ALBANY – Federal investigators are probing Gov. Kathy Hochul’s troubled consolidation of a popular $9 billion Medicaid homecare program, The Post has learned.

The US Department of Justice has interviewed officials from Public Partnerships, LLC, the firm hand-picked by the state Department of Health to handle “middleman” payroll services for the consumer directed personal assistance program, or CDPAP.

“They have been very active over the last couple months in investigating the transition and the various concerns that have been raised related to it,” a source who has had direct contact with investigators said.

“They are devoting significant resources to the investigation with an eye towards potential criminal or civil actions at the conclusion of the investigation,” the source added, noting that the investigators on the case are career professionals from the agency’s consumer protection division.

Hochul’s administration forced the nearly 280,000 people receiving care under CDPAP to re-register from their current payroll services firm or “fiscal intermediary” to PPL. The change was ostensibly made to cut down on the waste, fraud and abuse stemming from under-regulation of the hundreds of firms that used to handle the payroll services for CDPAP home caregivers.

A court stepped in at the last minute to try to alleviate an increasingly unrealistic April 1 deadline set by the DOH for the transition  with PPL massively backlogged and many home care aides in danger of going unpaid. Even with the injunction in place, caregivers are still reporting significant issues getting paid, even prompting legal action.

Earlier this year, the DOJ’s Consumer Affairs Branch chimed in on a federal lawsuit saying it would keep an eye on the situation.

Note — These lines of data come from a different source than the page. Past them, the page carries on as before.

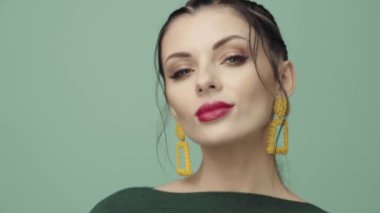 Saçları örgülü esmer kız. Modelin yakın plan portresi. Mükemmel makyaj. Güzel saçlar, moda videoları. Mücevherleri olan güzel kadın. 4k 25fps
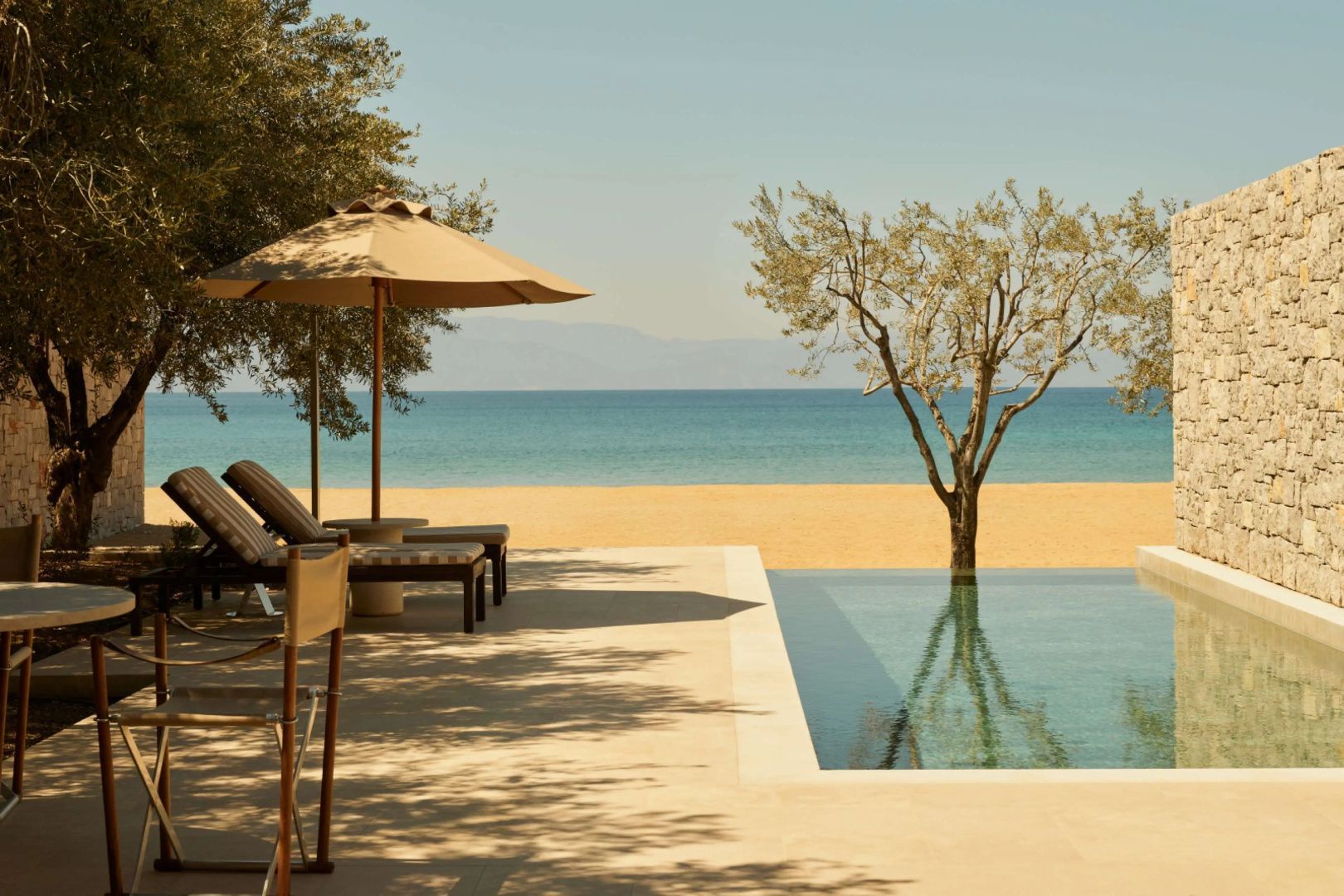 Sonnenschirm und Liegen neben einem Pool direkt am Sandstrand und blauen Meer.
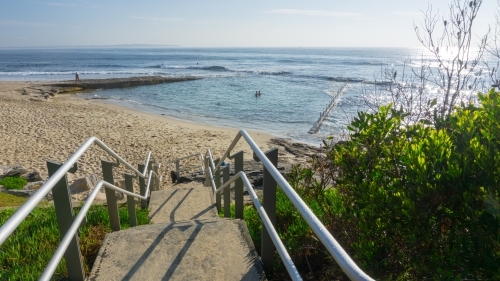 Steps and handrails leading down to beach and Oak Park ocean pool - Australian Stock Image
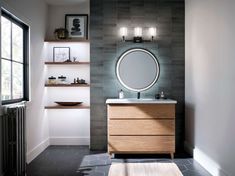 a bathroom with a sink, mirror and shelves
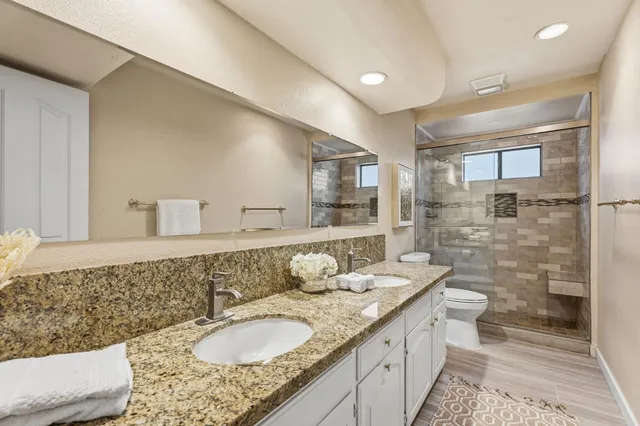 a bathroom with a bathtub and shower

The six-page “statement of interest” expressed concerns that the health department proceeded with the transition despite significant warning signs it would fail, made false statements about impacts on consumers’ eligibility for the Medicaid program, and did not ensure sensitive personal health data was protected during the process.

“The transition process—transferring, within a short period of time, CDPAP services for hundreds of thousands of patients from hundreds of Fiscal Intermediaries to PPL—has been plagued by myriad structural, operational, and logistical defects,” Assistant Director of DOJ’s Consumer Affairs Branch, Patrick Runkle, wrote in the court filing.

The source said the DOJ’s probe follows those same lines, and also could extend to allegations surrounding the impetus of Hochul’s push to overhaul the program, including allegations the $1.05 billion contract PPL was awarded was rigged.

“They’re interested in the full-scope of the transition, the selection and transition,” the source said.

The DOJ didn’t respond to a request for comment.

A Hochul spokesperson called the reforms “much-needed” and said they would stop “the runaway bureaucratic spending” that put the program “on the verge of a fiscal crisis.”

“Removing more than 600 administrative middlemen is a commonsense approach to cutting waste, fraud and abuse,” the spokesperson said in a statement.

“The CDPAP transition is proceeding effectively and the Department of Health will continue working with all stakeholders to ensure that consumers and workers receive the care and support they need,” Hochul’s spokesperson continued.

A PPL spokesperson said the company would continue to “work diligently to support” consumers and workers who wish to continue in the program.

A health department spokesperson said the agency “remains committed to prioritizing continuity of care for consumers and fair treatment of personal assistants,” but did not comment further.